IMF gives initial approval for final tranche of USD 5.2 bn standby loan
Egypt expects to unlock the third and final USD 1.6 bn tranche of its USD 5.2 bn IMF standby loan after reaching a staff-level agreement with the fund, the IMF said in a statement. An IMF delegation was (virtually) in town over the past two weeks for the second review of the 12-month program and its annual Article IV consultations, which the IMF usually holds with its member states once a year as a way to keep track of local economies. The disbursal of the third tranche is contingent on the approval of the IMF’s executive board, which is expected within the next few weeks, according to the statement. Reuters also has the story.
Refresher on the facility: The IMF had signed off last June on the one-year package to support Egypt’s economic recovery through covid-19, as key economic sectors — including the vital tourism industry — were negatively impacted by the pandemic. The funding was also made available to support healthcare, shore up the country’s social safety net, advance structural reforms, boost private sector growth and job creation, and help the government narrow its budget deficit.
Overall, the review appears to be quite positive, with the fund noting that “all structural benchmarks were met” under the agreement. “Over the past 12 months, the authorities’ strong performance and commitment helped achieve the program’s objectives of maintaining macroeconomic stability during the pandemic while protecting necessary social and health spending and implementing key structural reforms,” the statement read.

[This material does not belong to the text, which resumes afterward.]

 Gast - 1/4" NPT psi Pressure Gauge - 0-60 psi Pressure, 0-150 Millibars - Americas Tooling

The economy showed “resilience” over the past several months thanks to the government’s “strong implementation” of its policy program. Egypt’s GDP is expected to close the current fiscal year with 2.8% growth before accelerating to 5.2% in FY2021-2022, the fund says. The fund had bumped up its outlook for Egypt’s growth from 2% following the completion of its first review of the program in January. Fiscal policy for the upcoming fiscal year “appropriately targets a gradual consolidation to balance needed support for the economic recovery while safeguarding fiscal sustainability,” the fund says, giving a nod to the government’s plan to ramp up its investments in priority sectors such as healthcare, education, and infrastructure. The government’s sustainable development plan for FY2021-2022 outlines healthcare, transport and railway infrastructure, and education as its top priority areas.
Reserves + the banking sector are still a bright spot: The IMF team found that the primary balance and international reserves have exceeded the program’s targets, which was also the case when it reached a staff level agreement for its first review in November. Foreign reserves have been steadily rising since June, coming in at USD 40.3 bn at the end of April, bringing us closer to our February 2020 peak of USD 45.5 bn. The fund also gave a nod to the Central Bank of Egypt’s “readiness to act as necessary to support economic recovery amid muted inflation.” The country’s banking system is “liquid, profitable, and well-capitalized,” the fund says.

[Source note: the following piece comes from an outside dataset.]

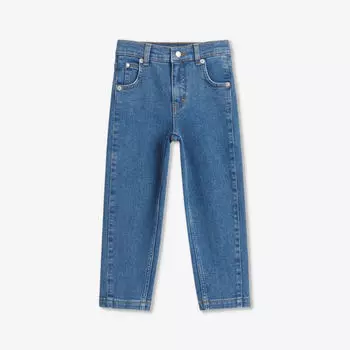 Джинсы прямого кроя из эластичного денима с высокой посадкой barrel для 3–9 лет Whistles, синий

There are still covid-19 risks, but we have the right policies in place: Economic performance could be undermined by lingering risks related to the pandemic, resulting in a bit of uncertainty to the outlook. But the fund is optimistic that short-term recovery has appropriate policy support, while the government’s structural reform program — the second phase of which Prime Minister Moustafa Madbouly and Planning Minister Hala El Said announced last month — will “unleash Egypt’s enormous growth potential in the medium term.”
Next steps: The fund wants to see “specific policy measures” to support the targets of our Economic Reform Program 2.0, suggesting that the government outline clear steps to boost private sector involvement in the economy and help encourage exports by removing trade barriers.